* _Task instructions_: Everything in the entries except the pictures must be duplicated exactly.

___

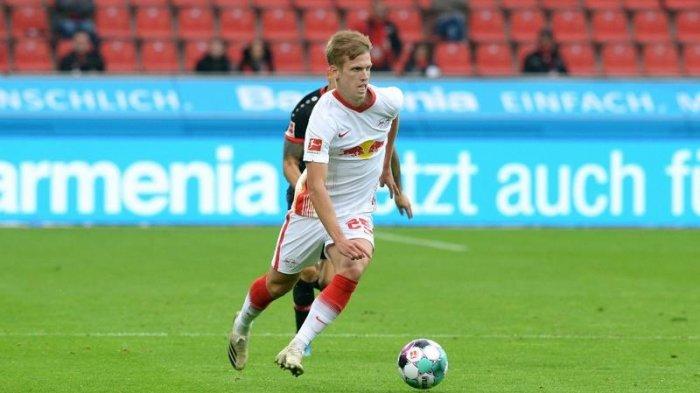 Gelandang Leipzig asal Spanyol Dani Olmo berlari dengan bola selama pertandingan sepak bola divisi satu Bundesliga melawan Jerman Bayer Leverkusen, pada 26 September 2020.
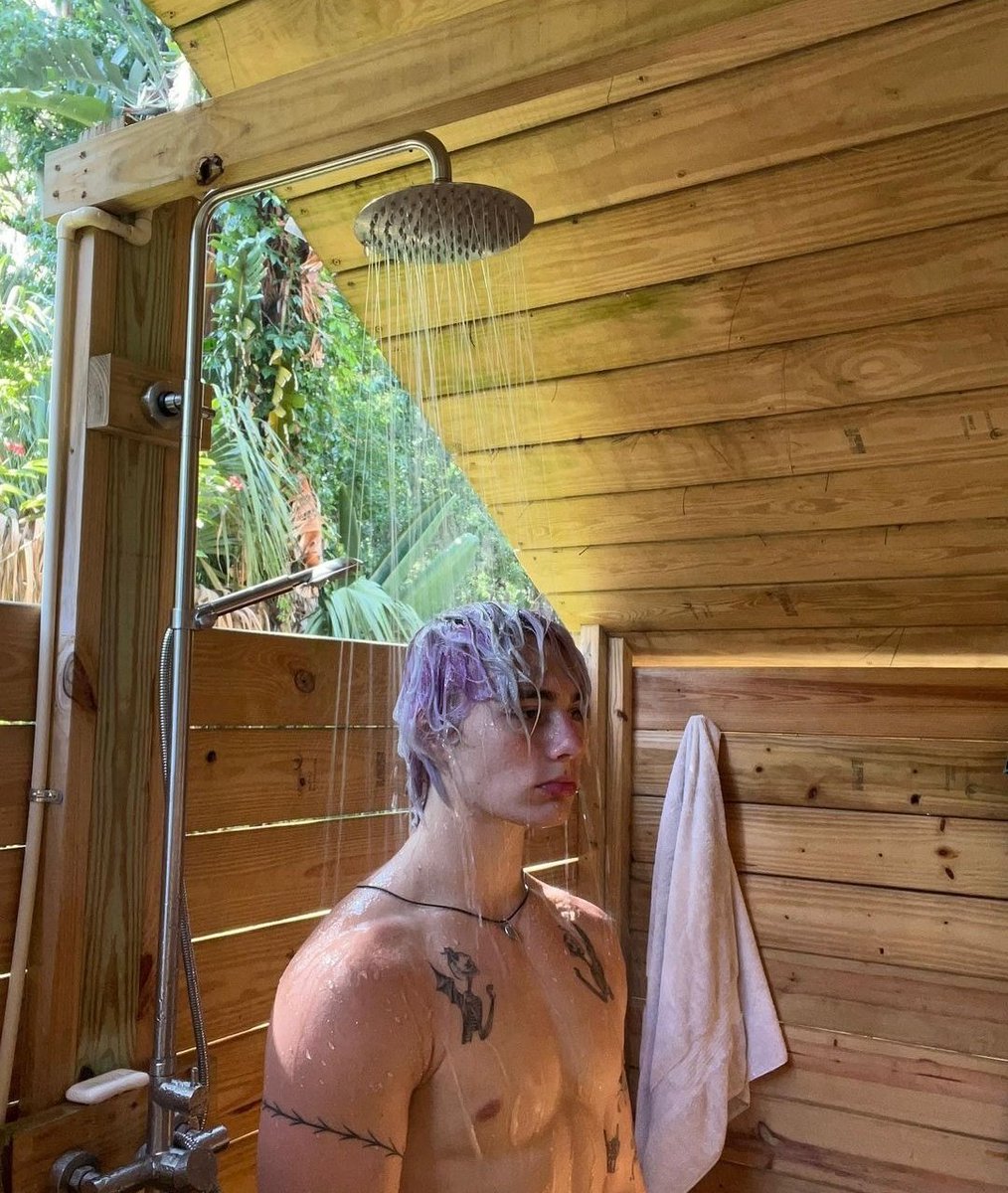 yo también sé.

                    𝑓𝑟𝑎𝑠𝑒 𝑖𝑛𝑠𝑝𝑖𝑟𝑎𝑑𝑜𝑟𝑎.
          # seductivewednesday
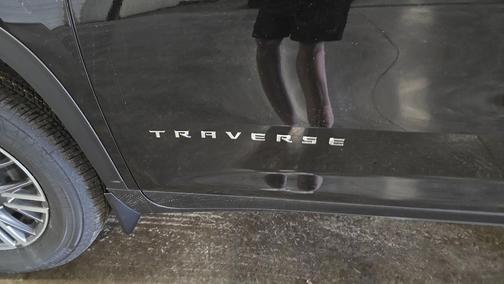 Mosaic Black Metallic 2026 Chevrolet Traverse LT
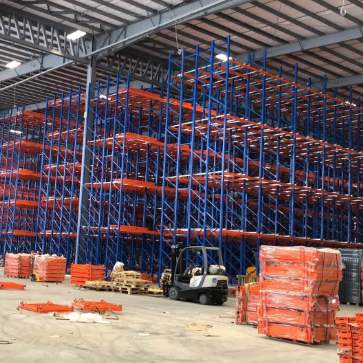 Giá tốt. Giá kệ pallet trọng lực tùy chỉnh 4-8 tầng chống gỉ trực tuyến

___

* _Output below_:
 Gelandang Leipzig asal Spanyol Dani Olmo berlari dengan bola selama pertandingan sepak bola divisi satu Bundesliga melawan Jerman Bayer Leverkusen, pada 26 September 2020.
 yo también sé.

                    𝑓𝑟𝑎𝑠𝑒 𝑖𝑛𝑠𝑝𝑖𝑟𝑎𝑑𝑜𝑟𝑎.
          # seductivewednesday
 Mosaic Black Metallic 2026 Chevrolet Traverse LT
 Giá tốt. Giá kệ pallet trọng lực tùy chỉnh 4-8 tầng chống gỉ trực tuyến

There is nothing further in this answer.